Google's new 'Hummingbird' algorithm is about queries, not just SEO

Tweaks to the way the search engine processes questions as queries show Google's evolution into natural-language AI system

HTML coders inevitably panic when they hear word of another tweak to Google's search algorithms. Small wonder much dander was raised when Google announced Thursday it had silently rolled out a new algorithm, code-named "Hummingbird."

Even though Google's tight-lipped about the exact technical details of Hummingbird, TechCrunch noted the most important element of the changes revolve around how search queries are processed. Instead of simply parsing searches one word at a time, the new algorithm is tuned to parsing questions posed by users, then organizing the results in terms of the most valuable answers to those questions first.

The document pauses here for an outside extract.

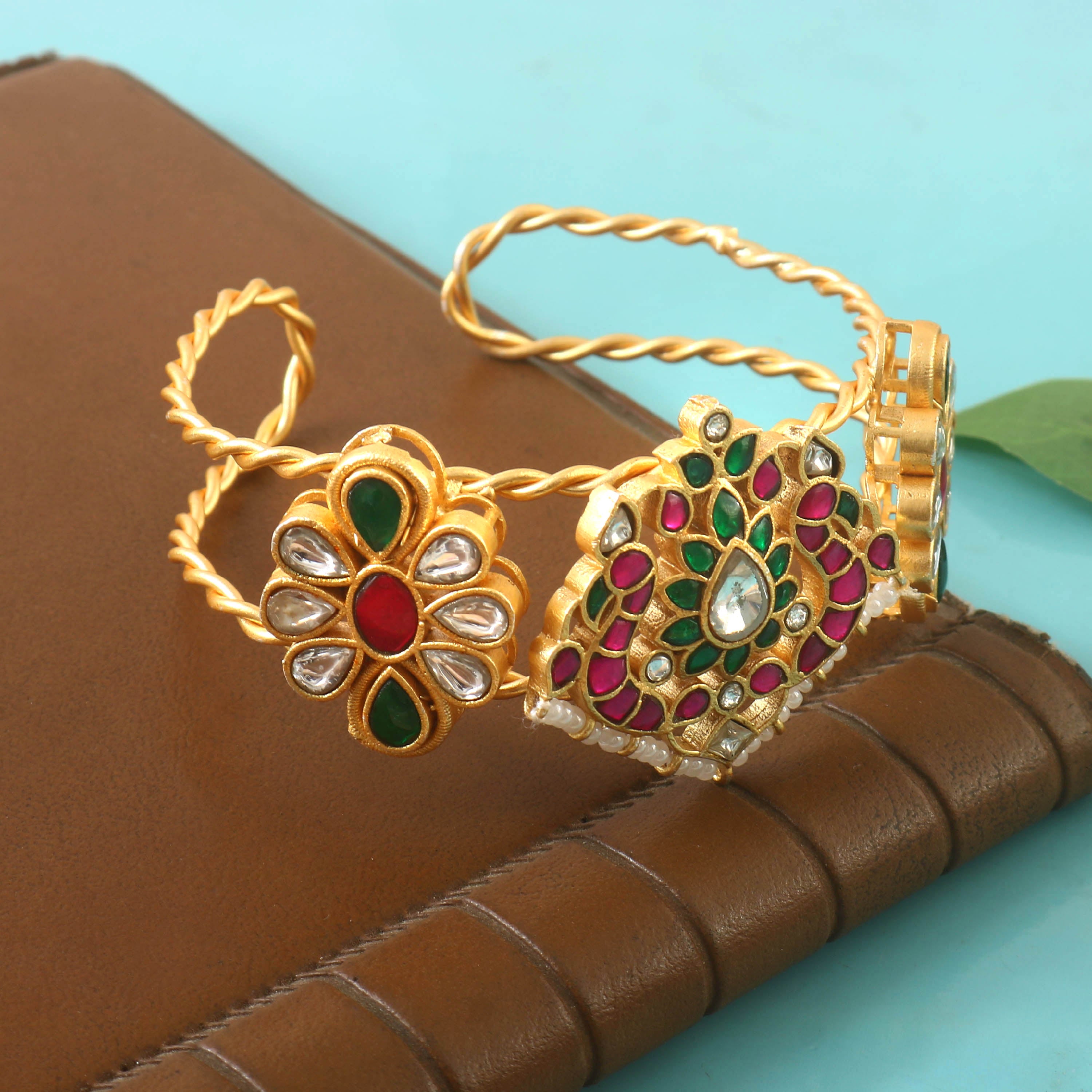 BG-103 - Jadau Kundan Bangle with Emerald BG-103 - Jadau Kundan Bangle with Emerald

Phrasing something as a question clearly biases results toward Q&A-type pages -- not just sites like Stackexchange, Quora, or Yahoo's Answers site, but any page where a question is featured prominently at the top and answers are ranked below. One- or two-word search terms still return basic information; three or four words return more what-if or how-to type searches.

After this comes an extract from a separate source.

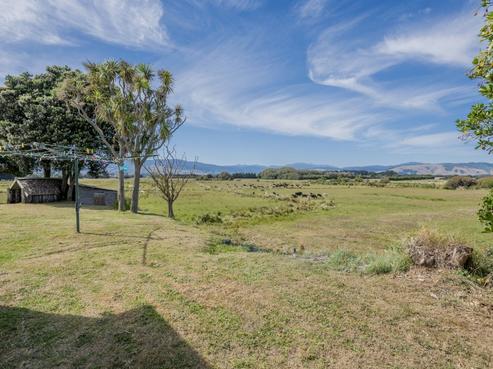 9 O'rourke Place, Otaki Beach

Because the changes were deployed without warning, it'll be all the easier to determine if your own site's page rankings were affected by Hummingbird simply by looking at results for the last couple of weeks. Google estimates that some 90 percent of searches are affected.

So far the effects haven't been anywhere nearly as drastic as Google's "Panda" optimization back in February 2011. Panda was designed to penalize pages with attributes common to link farms or other low-quality sites: keyword stuffing, heavily duplicated content within the same domain, many links on one page to the same pages, and so on. While Panda did push many junk sites further down into Google's page ranking, it also forced a great many legitimate site owners to retool much of their own content.

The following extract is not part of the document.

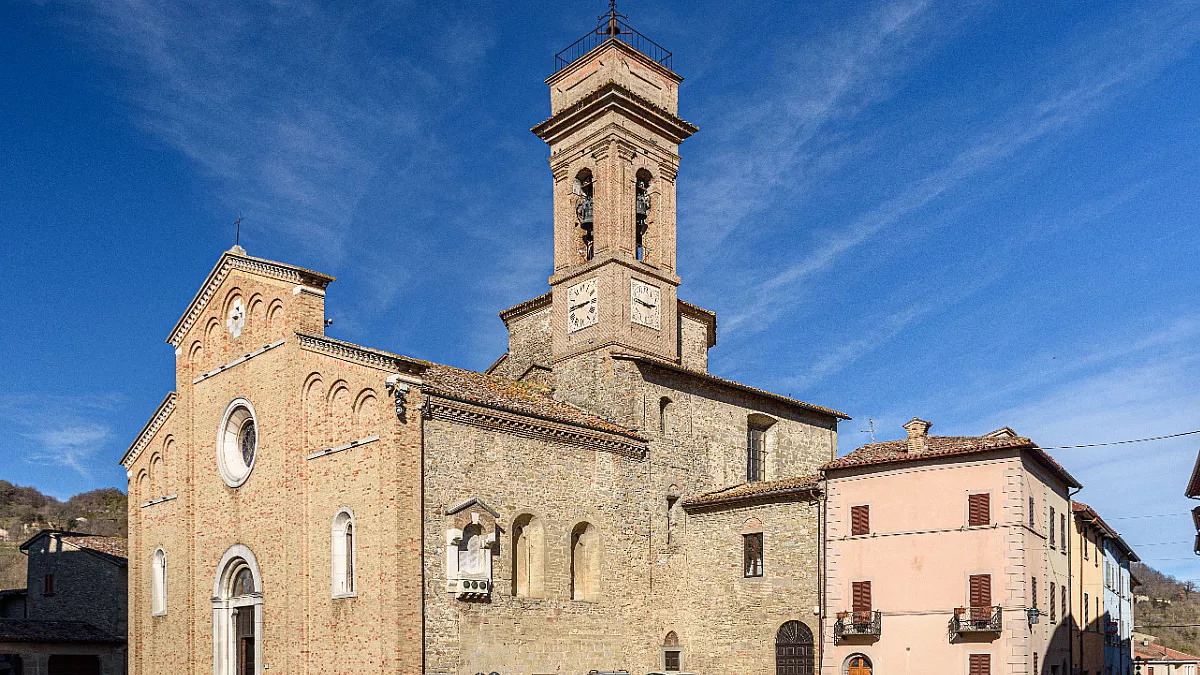Chiesa Collegiata Santi Pietro e Paolo, Mercatello sul Metauro, Pesaro Urbino. Shutterstock_2406244569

The most revealing thing about Hummingbird is how it reflects an ongoing change in the demands people are making on search engines. Keyword queries are giving way to longer, more sophisticated questions, driven at least in part by voice searches. The more Google enables such things, the more people expect the results to be useful and complete, so further ramp-ups of this kind are almost certainly on the way.

Google's main "skunkworks" projects at this point all seem to revolve around natural-language processing of one kind or another. They're using the data harvested from the Web as a whole to aid in language translation; with Hummingbird, they may well be using the click-through behavior for results returned from questions to retool Google all that much more into an AI that knows at least as much -- if not more -- about the real world than we do.

It's also important to not lose sight of how Google keeps all this tech close to its chest. The fact that Google was tight on the internal details of what changed with Hummingbird shouldn't come as much of a surprise. Google's business model has always been about both monetizing search results and keeping a tight grip on just how those search results are processed, ranked, and returned -- the better to defray real competition.